Supplied information Start Marker

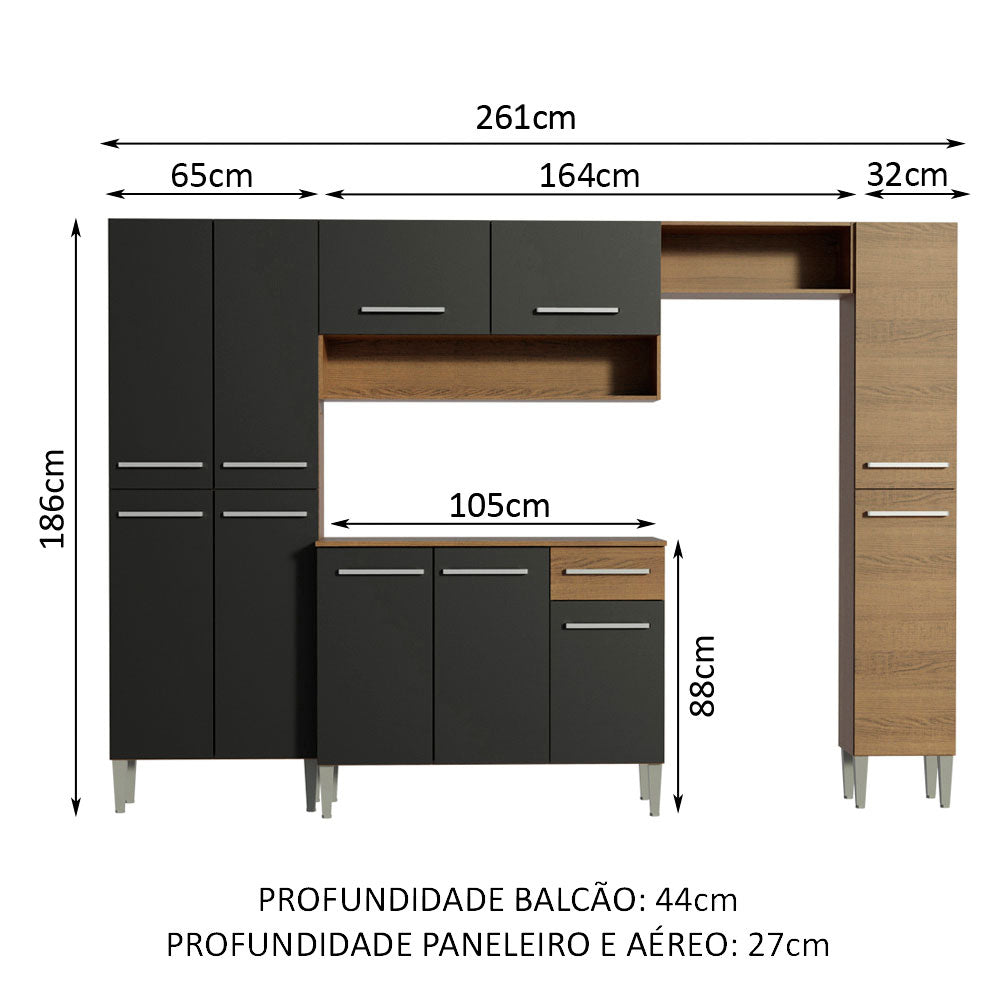 Armário de Cozinha Completa 261cm Rustic/Preto Emilly Hit Madesa
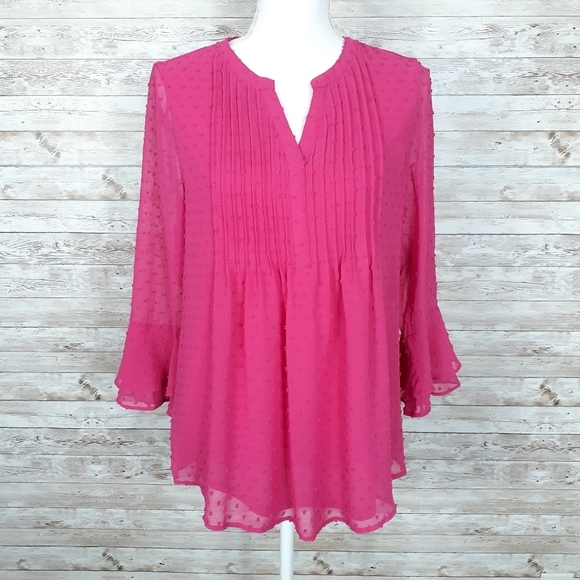 Charter Club Tops - Charter Club Blouse S Pink Top Sheer Sleeves 561
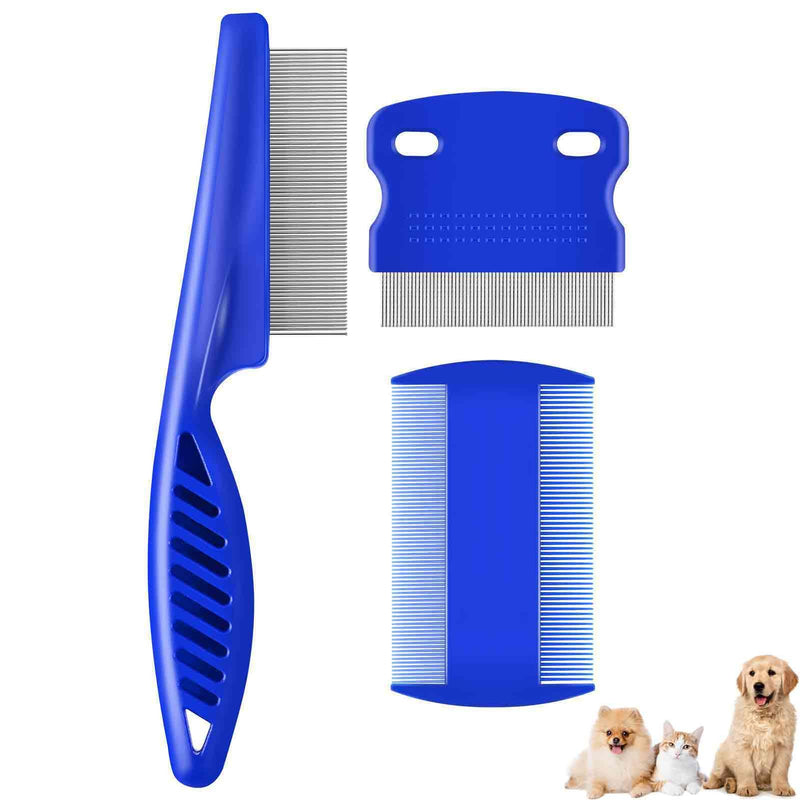 3 Pack Dog Grooming Comb, Flea Lice Pet Combs, Stainless Steel Cat Combs with Rounded Teeth, Double Sided Professional Tear Stain Remover, Dematting Tool for Small Medium Large Pets - PawsPlanet Australia
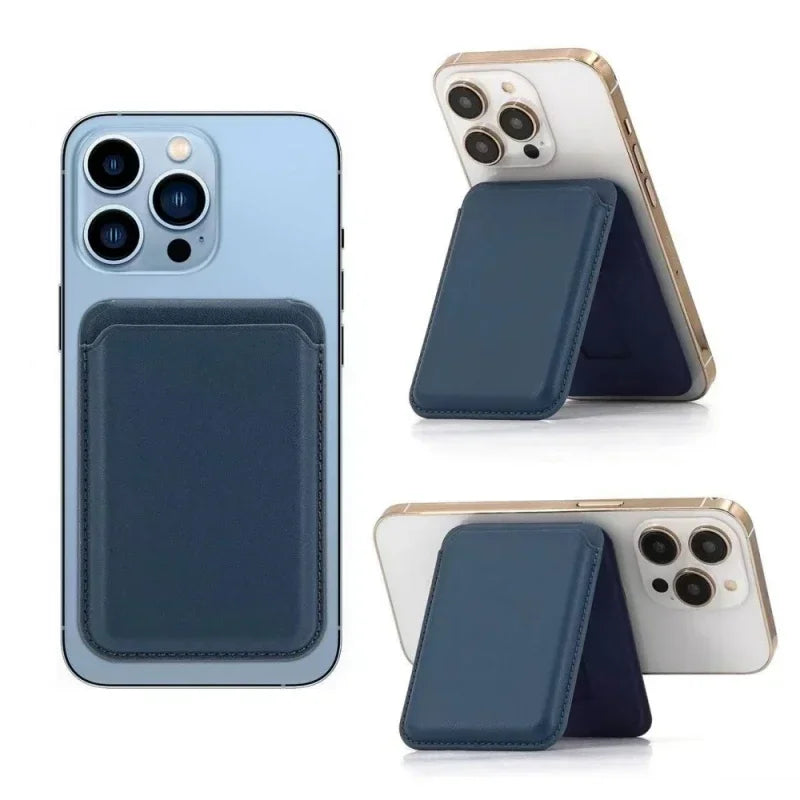 A light blue iPhone case with a matching dark blue magnetic leather wallet case and kickstand.
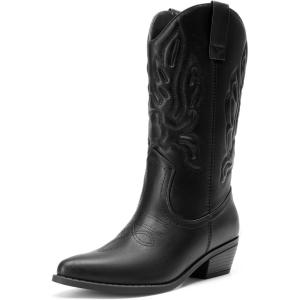 DREAM PAIRS Women’s Cowboy Boots Mid Calf Cowgirl Boots Embroidery Stitched Western Boots(All Black)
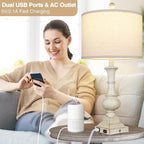 26" Farmhouse Table Lamps Set of 2, Rustic Touch Control Bedside Lamps with 2 USB Ports & AC Outlet, Vintage White Resin 3-Way Dimmable Nightstand Lamp Linen Fabric Shade for Living Room Bedroom Decor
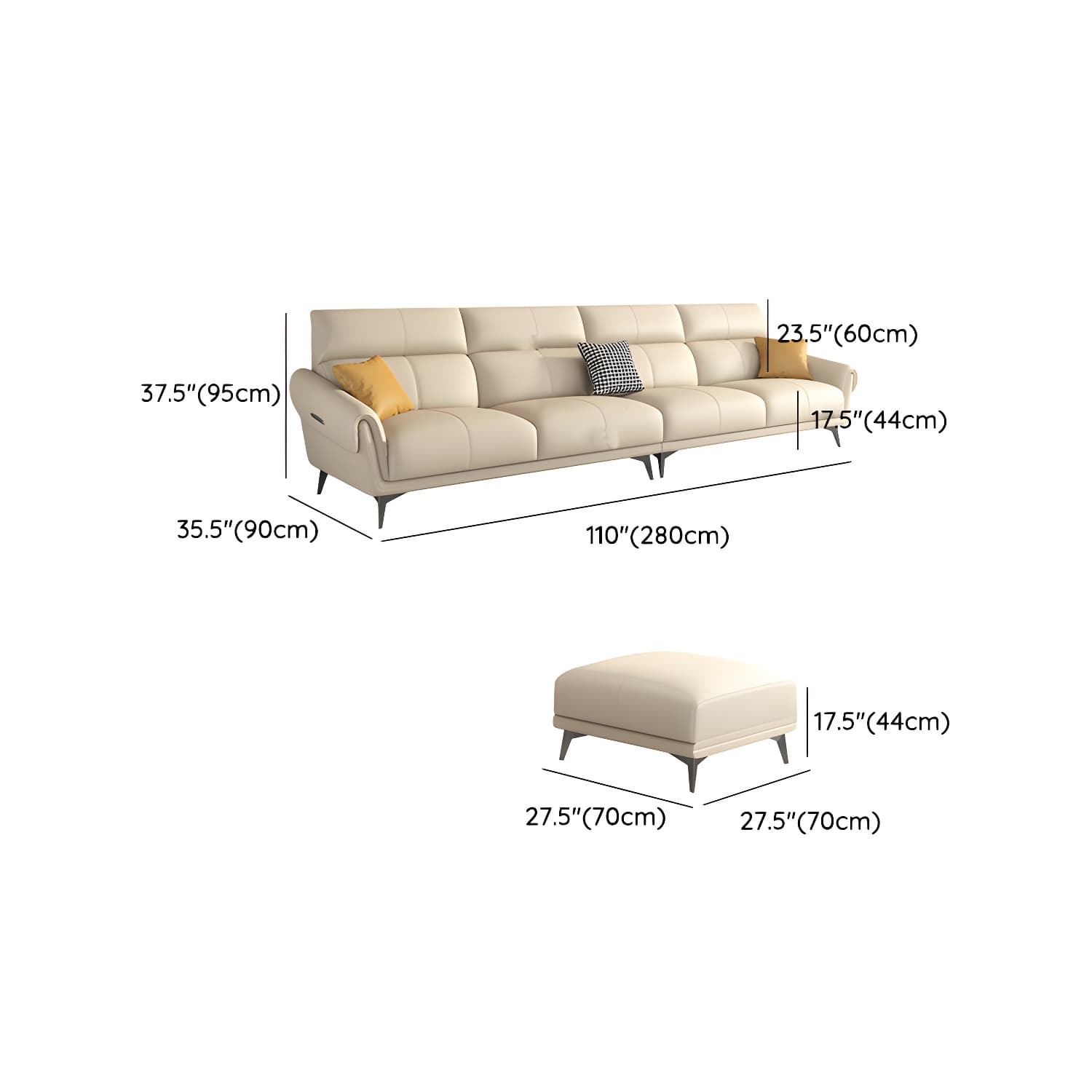 Faux Leather Flared Arm Sofa in Beige of 37.4" H with Cushions thumbnail 21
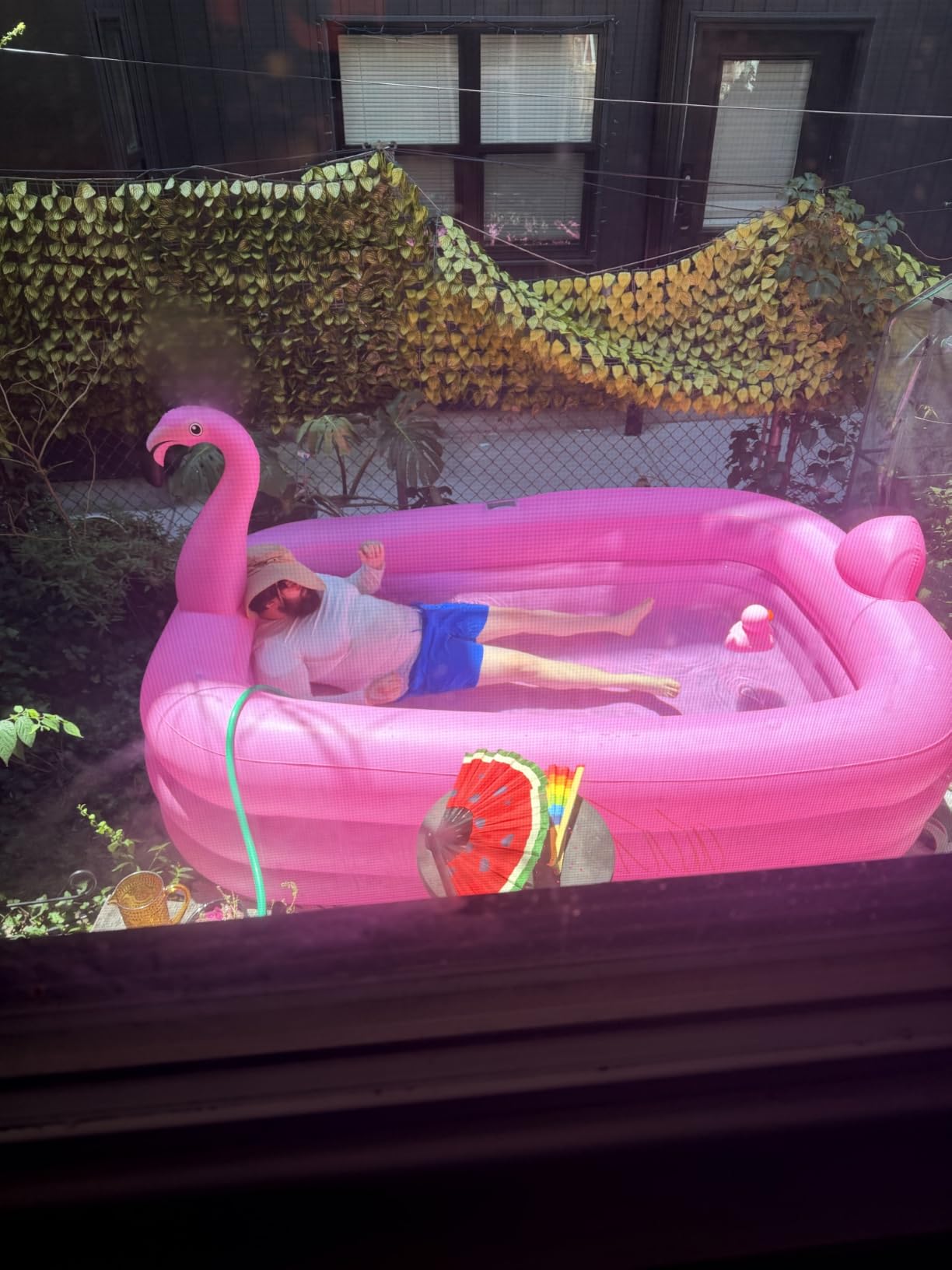 Inflatable Pool with Lights, Solar Flamingo Swimming Pool for Kids, Adults Inflatable Blow up Pool, Large Kiddie Pool, 100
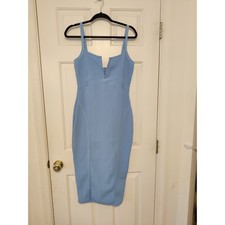 Fashion Nova Misty Bandage Midi Dress Blue Ribbed Bodycon V Neck Size L NWT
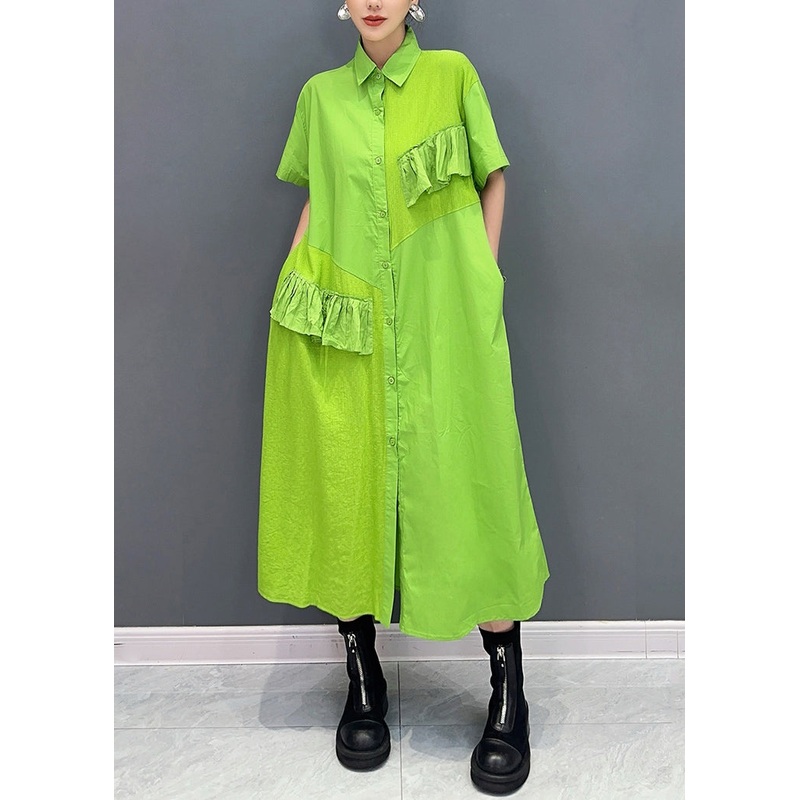 Vogue Green Peter Pan Collar Patchwork Button Maxi Dress Summer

Supplied information End Marker

__Problem details__.
Restate each entry word for word; pictures stay out of the copy.

__Response below__.
 Armário de Cozinha Completa 261cm Rustic/Preto Emilly Hit Madesa
 Charter Club Tops - Charter Club Blouse S Pink Top Sheer Sleeves 561
 3 Pack Dog Grooming Comb, Flea Lice Pet Combs, Stainless Steel Cat Combs with Rounded Teeth, Double Sided Professional Tear Stain Remover, Dematting Tool for Small Medium Large Pets - PawsPlanet Australia
 A light blue iPhone case with a matching dark blue magnetic leather wallet case and kickstand.
 DREAM PAIRS Women’s Cowboy Boots Mid Calf Cowgirl Boots Embroidery Stitched Western Boots(All Black)
 26" Farmhouse Table Lamps Set of 2, Rustic Touch Control Bedside Lamps with 2 USB Ports & AC Outlet, Vintage White Resin 3-Way Dimmable Nightstand Lamp Linen Fabric Shade for Living Room Bedroom Decor
 Faux Leather Flared Arm Sofa in Beige of 37.4" H with Cushions thumbnail 21
 Inflatable Pool with Lights, Solar Flamingo Swimming Pool for Kids, Adults Inflatable Blow up Pool, Large Kiddie Pool, 100
 Fashion Nova Misty Bandage Midi Dress Blue Ribbed Bodycon V Neck Size L NWT
 Vogue Green Peter Pan Collar Patchwork Button Maxi Dress Summer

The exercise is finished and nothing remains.